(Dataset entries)
****************
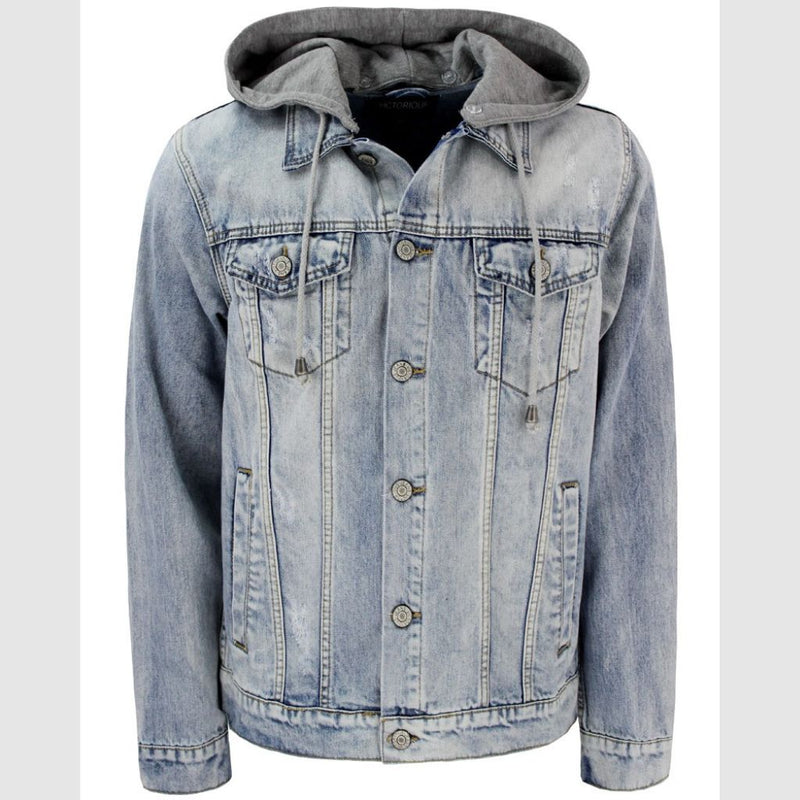 DK 109-A DETACHABLE HOOD DENIM JACKET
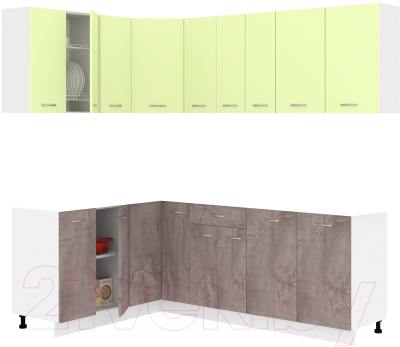Кухонный гарнитур Кортекс-мебель Корнелия Лира 1.5x2.2 без столешницы (салатовый/оникс) - фото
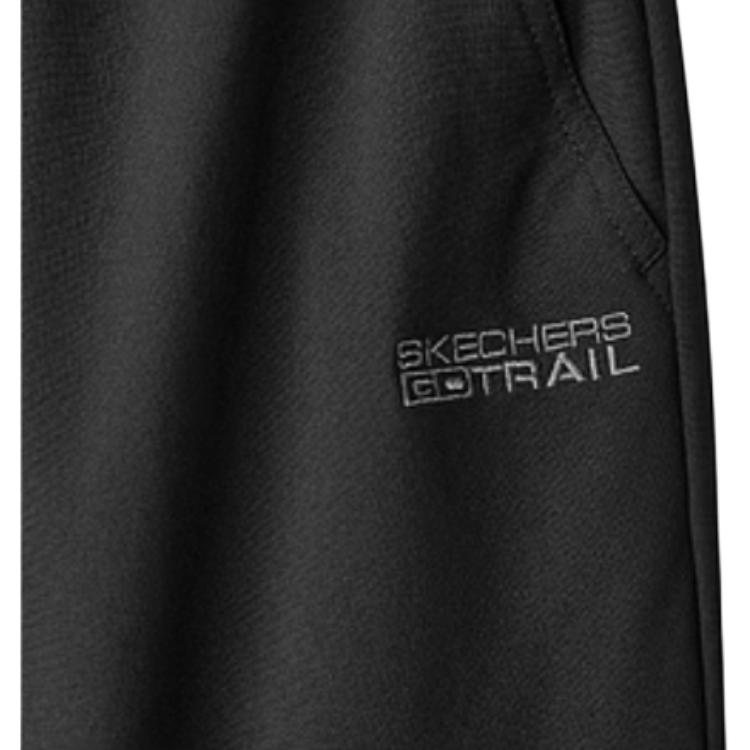 Skechers Outdoor Series Lace-Up Solid Color Casual Sports Pants Women Pants Carbon-Black L424W044-0018
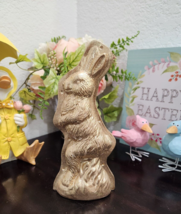 Easter Vintage Style Gold Bunny Rabbit Faux Mold Figurine Figure Tableto... - $519.61 MXN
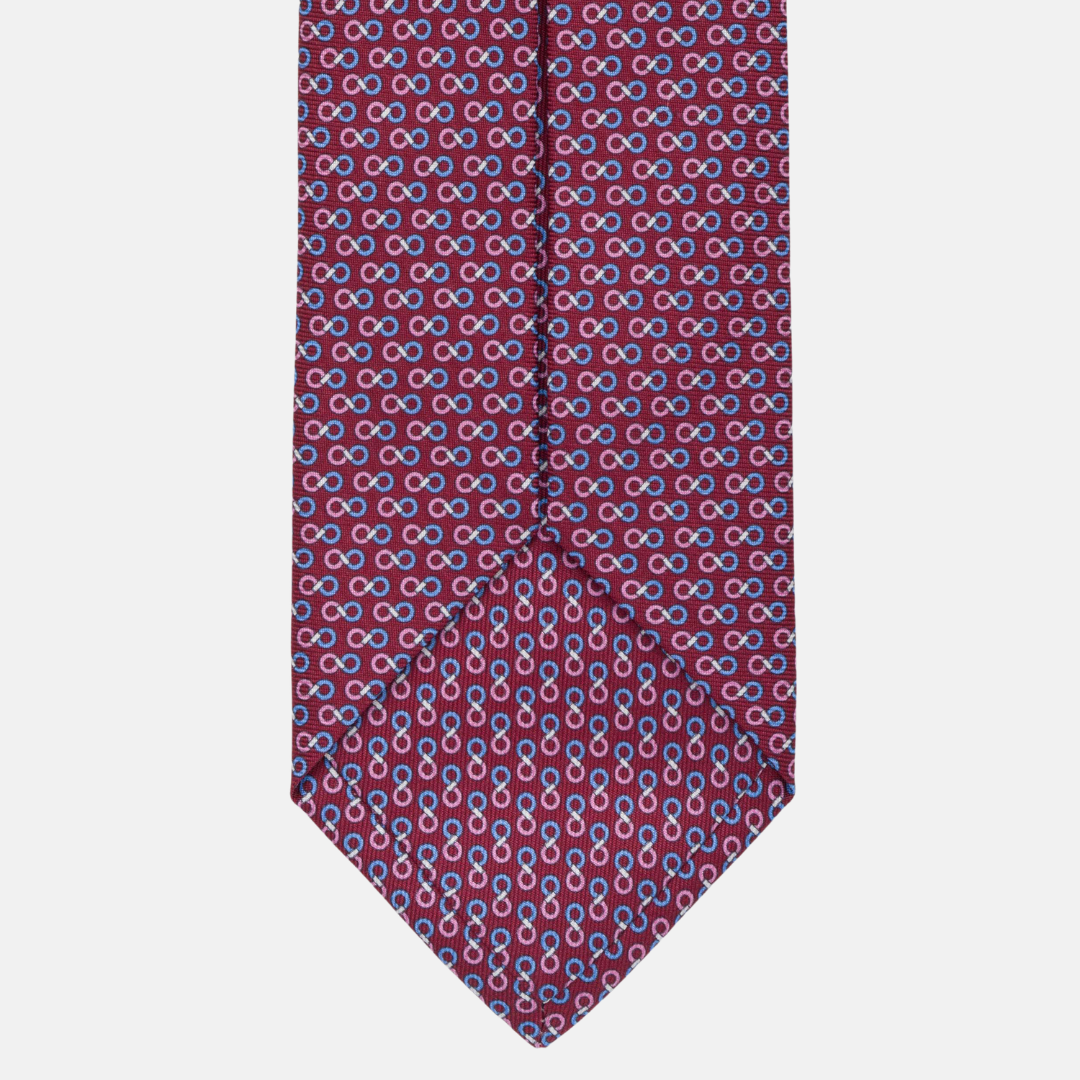 7-fold silk tie Fantasy Bordeaux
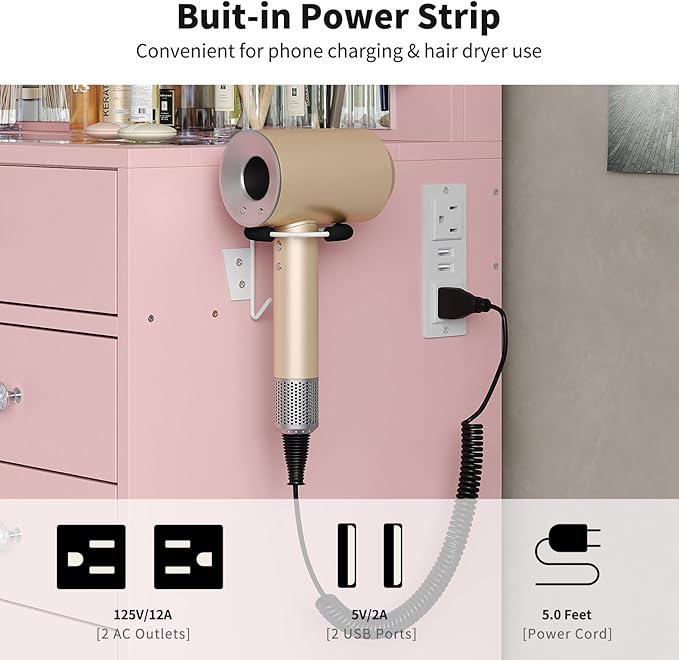 13 Drawers Vanity Desk, 47''W Makeup Vanity with Power Outlet, Vanity Table with Mirror and 12 LED Bulbs, 3 Color Lighting Modes, Glass Top, Dressing Table for Bedroom (Pink)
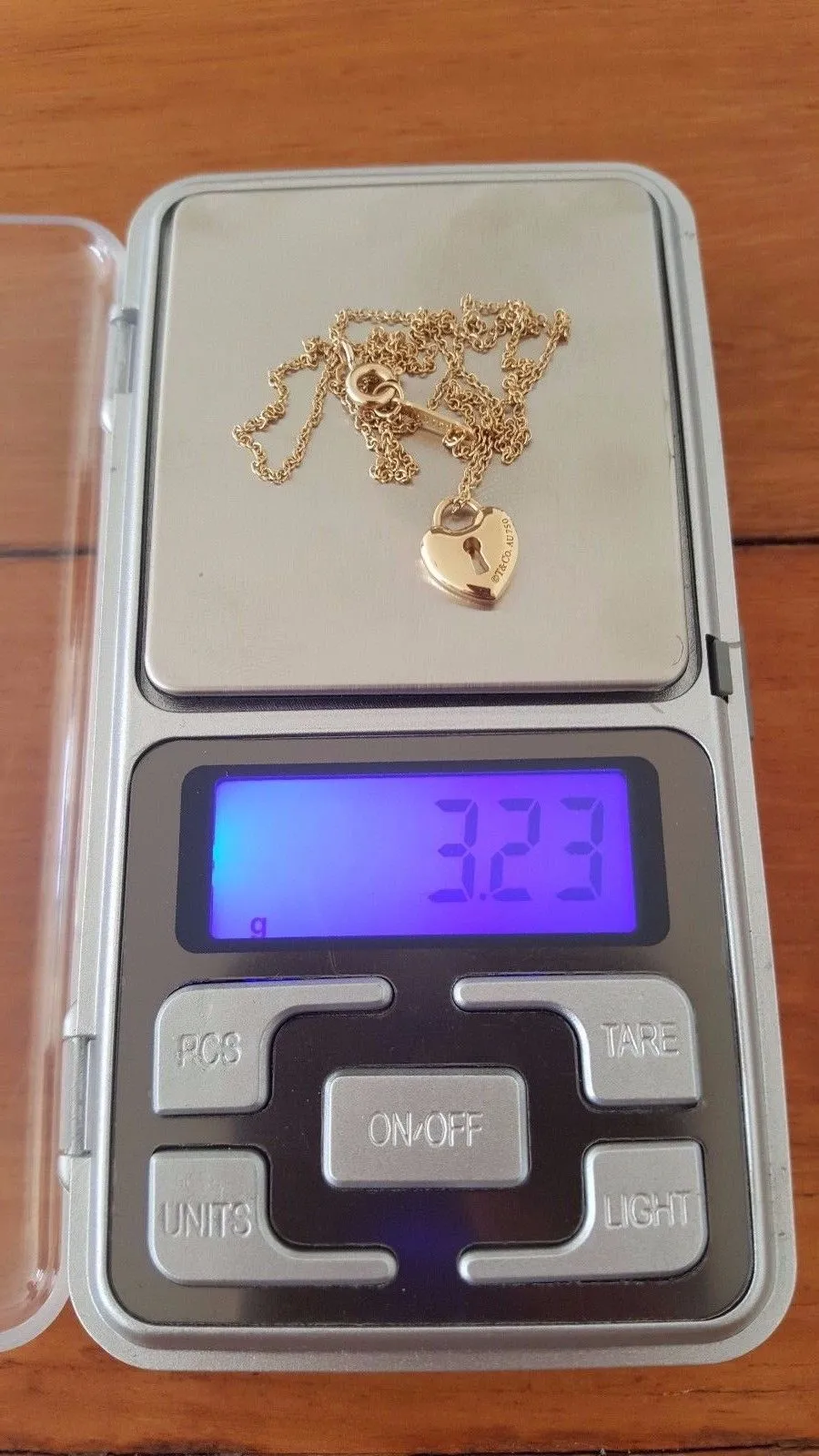 Tiffany & Co. 18ct Yellow Gold Mini Heart with Lock on 16" Chain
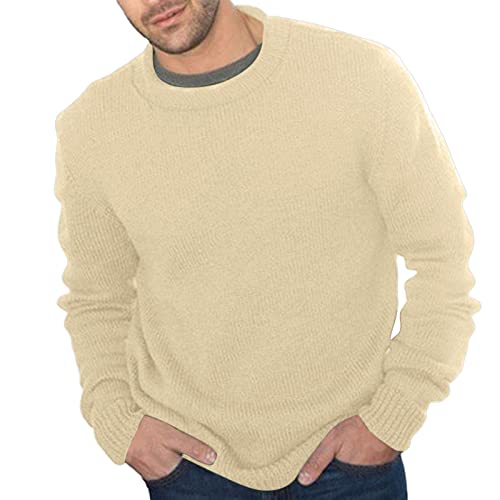 Kashyke Herren Pullover Langarm Strickpullover mit Streifen Rundhals Dünner Männer Strick Pullover für Winter & Sommer Modern Sweatshirt Langarm Feinstrick Freizeitpullover Training Fitness von Kashyke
****************
▶ _AIM OF THE TASK_
Apart from the pictures, all of the data should be repeated exactly.

▶ _RESULT BELOW_
 DK 109-A DETACHABLE HOOD DENIM JACKET
Кухонный гарнитур Кортекс-мебель Корнелия Лира 1.5x2.2 без столешницы (салатовый/оникс) - фото
 Skechers Outdoor Series Lace-Up Solid Color Casual Sports Pants Women Pants Carbon-Black L424W044-0018
 Easter Vintage Style Gold Bunny Rabbit Faux Mold Figurine Figure Tableto... - $519.61 MXN
 7-fold silk tie Fantasy Bordeaux
 13 Drawers Vanity Desk, 47''W Makeup Vanity with Power Outlet, Vanity Table with Mirror and 12 LED Bulbs, 3 Color Lighting Modes, Glass Top, Dressing Table for Bedroom (Pink)
 Tiffany & Co. 18ct Yellow Gold Mini Heart with Lock on 16" Chain
 Kashyke Herren Pullover Langarm Strickpullover mit Streifen Rundhals Dünner Männer Strick Pullover für Winter & Sommer Modern Sweatshirt Langarm Feinstrick Freizeitpullover Training Fitness von Kashyke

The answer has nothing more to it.